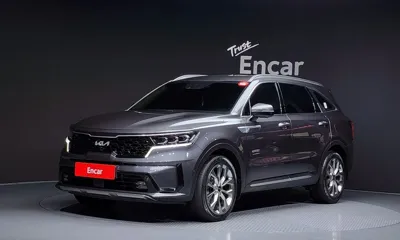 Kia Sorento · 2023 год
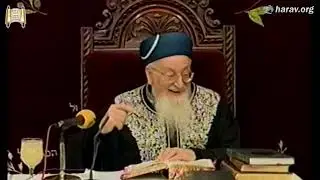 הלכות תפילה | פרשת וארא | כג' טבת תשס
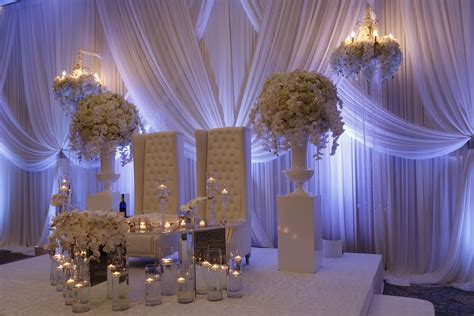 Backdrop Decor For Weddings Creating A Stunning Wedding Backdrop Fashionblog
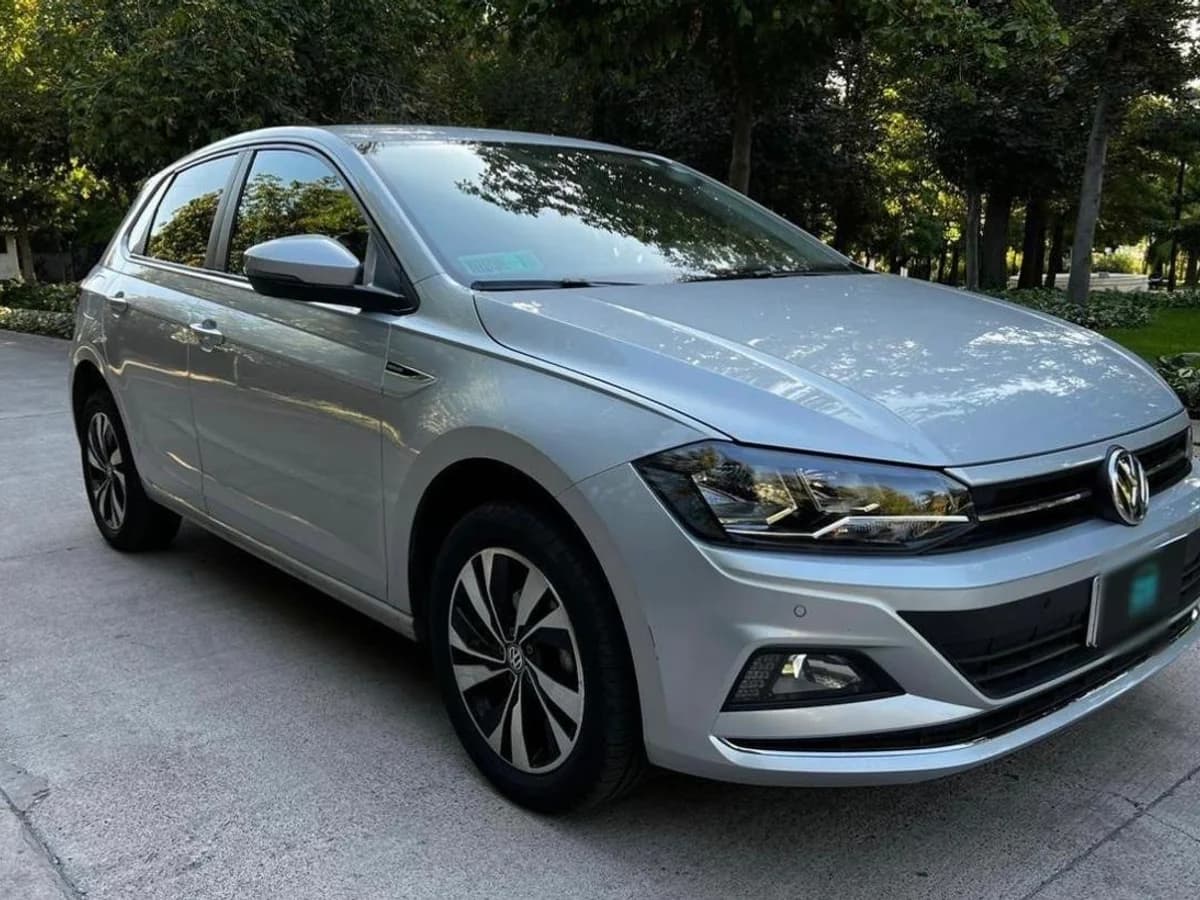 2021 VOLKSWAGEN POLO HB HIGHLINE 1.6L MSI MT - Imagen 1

━━━━━━━━━━━━━━━━

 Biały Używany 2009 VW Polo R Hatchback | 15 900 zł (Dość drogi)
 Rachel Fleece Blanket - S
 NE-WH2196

━━━━━━━━━━━━━━━━

> **ABOUT THIS TASK**: Output exactly the lines of the listing above that start with the one holding "הלכות תפילה | פרשת וארא | כג' טבת תשס" and go on through the one holding "2021 VOLKSWAGEN POLO"; leave the pictures out.

> **EXERCISE OUTPUT**:
 הלכות תפילה | פרשת וארא | כג' טבת תשס
 Backdrop Decor For Weddings Creating A Stunning Wedding Backdrop Fashionblog
 2021 VOLKSWAGEN POLO HB HIGHLINE 1.6L MSI MT - Imagen 1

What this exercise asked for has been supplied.